Hello @bk ,
Thanks for the ask and using the Microsoft Q&A platform .
Advantages of Storing Data in a Columnar Format:
- Columnar storage like Apache Parquet is designed to bring efficiency compared to row-based files like CSV. When querying, columnar storage you can skip over the non-relevant data very quickly. As a result, aggregation queries are less time consuming compared to row-oriented databases. This way of storage has translated into hardware savings and minimized latency for accessing data.
- Apache Parquet is built from the ground up. Hence it is able to support advanced nested data structures. The layout of Parquet data files is optimized for queries that process large volumes of data, in the gigabyte range for each individual file.
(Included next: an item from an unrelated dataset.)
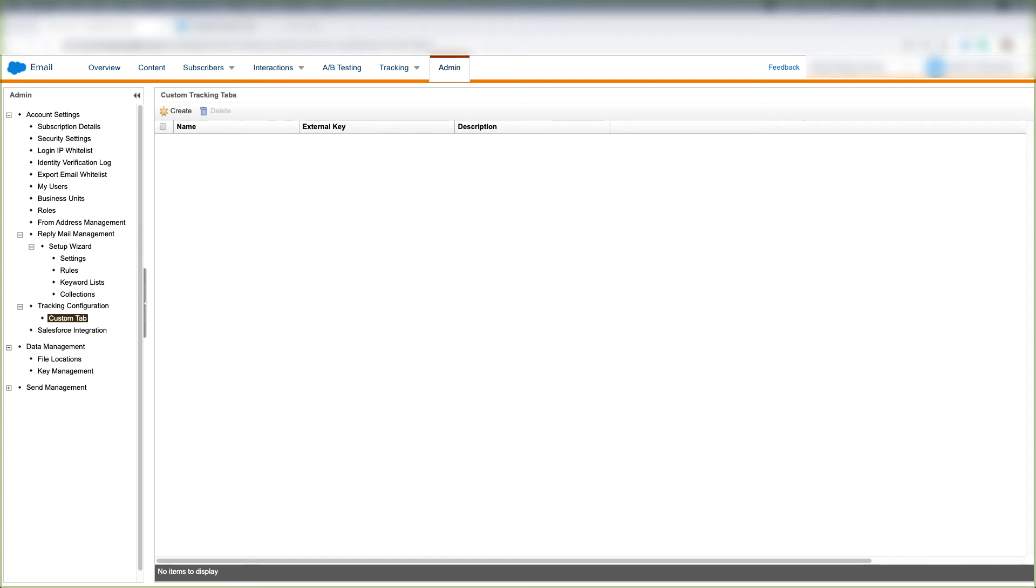In this video we'll talk about custom tracking tabs under Tracking Configuration in Marketing Cloud. So what is a custom tag for tracking configuration anyways?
- Parquet is built to support flexible compression options and efficient encoding schemes. As the data type for each column is quite similar, the compression of each column is straightforward (which makes queries even faster). Data can be compressed by using one of the several codecs available; as a result, different data files can be compressed differently.
- Apache Parquet works best with interactive and serverless technologies like AWS Athena, Amazon Redshift Spectrum, Google BigQuery and Google Dataproc.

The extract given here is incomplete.